A screen shows Russian President Vladimir Putin virtually delivering remarks as delegates look on while attending a meeting during the 2023 BRICS Summit at the Sandton Convention Centre in Johannesburg on August 24, 2023. Photo: Marco Longari/POOL/AFP

Amid these escalating challenges, the recently enacted African Continental Free Trade Agreement (AfCFTA) offers a significant opportunity to systematically strengthen regional agricultural trade, infrastructure, supply chains, and production capacity. The purpose of this article is to explore how the AfCFTA could be leveraged to advance food sovereignty and resilience across Africa. By progressively dismantling barriers to intra-African trade and facilitating greater regional integration, the AfCFTA provides a mechanism to enhance climate-smart agriculture, empower smallholder farmers, and reduce reliance on volatile global markets.

Realising the AfCFTA’s potential, however, will require proactive efforts on multiple fronts by policymakers, private sector actors, and regional bodies. The article will analyse models such as the EU’s Common Agricultural Policy, highlight crucial investments and policies, identify risks, and offer recommendations to help guide effective AfCFTA implementation for robust, sustainable food systems across Africa. 

The AfCFTA offers immense potential to reduce Africa’s dependence on volatile global markets and costly agricultural imports, according to a recent report by the African Union (AU). By facilitating intra-regional trade, food-deficit countries could source staples more efficiently from nearby surplus areas rather than import them at inflated prices. A UN Economic Commission for Africa study estimates that intra-African agricultural trade could expand by 20-30%, generating an extra $2-4 billion in annual GDP gains. However, fully harnessing this potential will necessitate major investments in transborder infrastructure and supply chains, along with supportive policies to integrate smallholders into cross-border value chains.

A core tenet of food sovereignty is reducing import reliance through enhanced domestic production and regional self-sufficiency. Africa currently produces less than 60% of its food consumption, with yields lagging far behind global averages, according to UN Food and Agricultural Organisation (FAO) data. Transforming this equation requires a coordinated effort to upgrade regional infrastructure. Constructing and rehabilitating roads, rail, electricity, storage facilities, and irrigation can connect smallholders across borders to expanded markets, enabling countries to unlock Africa’s immense agricultural potential. 

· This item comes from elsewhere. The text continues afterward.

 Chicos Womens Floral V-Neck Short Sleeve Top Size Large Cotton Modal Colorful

The late Kenyan scientist and leading authority on sustainable development, Dr Calestous Juma, spoke extensively about the critical role of technology and innovation in transforming African agriculture to achieve food security on the continent. In his book The New Harvest: Agricultural Innovation in Africa, he argued that “Africa needs a strategy that harnesses science, technology, and entrepreneurship to raise agricultural productivity and incomes”. Juma highlighted the need to accelerate the diffusion and adoption of technologies like drought-resistant seeds, precision farming tools, and digital advisory services for smallholder farmers across Africa.

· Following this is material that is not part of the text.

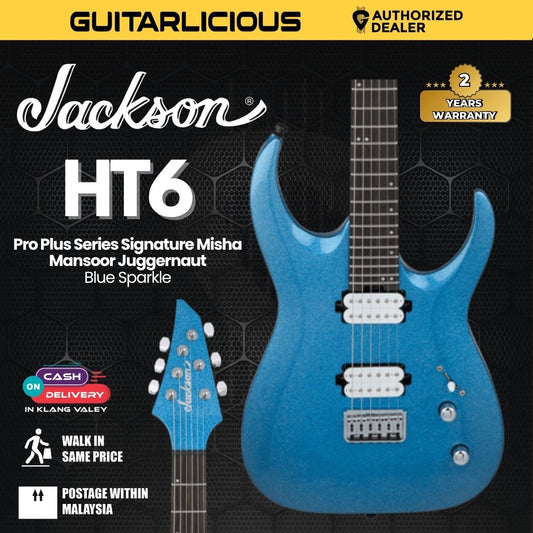 Jackson Pro Plus Series Signature Misha Mansoor Juggernaut HT6 Guitar, Ebony FB, Blue Sparkle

Women sit beside basketfuls of tomatoes harvested from Food and Agriculture Organisation (FAO)-supported farms at Jere community, in Borno State, north-east Nigeria. Photo: Pius Utomi Ekpei/AFP

In a 2015 interview, Juma stated that “the application of science and technology to raising agriculture productivity, increasing food production, and reducing food losses and waste is critical for the future of the continent. Africa needs a new green revolution built on innovations tailored to its ecological conditions.” Through his various writings, Juma consistently emphasised that transforming Africa’s food systems required greater technological innovation and diffusion across borders. The AfCFTA can catalyse this diffusion of innovations, enabling the transformation he envisioned.

The European Union’s Common Agricultural Policy (CAP) stands as perhaps the most prominent model of using regional economic integration and targeted investments to systematically enhance food security. Initiated in 1962, the CAP aimed to raise agricultural productivity, ensure stable farmer incomes, stabilise markets, and guarantee food supplies across the bloc. The CAP currently accounts for more than 35% of the EU’s budget.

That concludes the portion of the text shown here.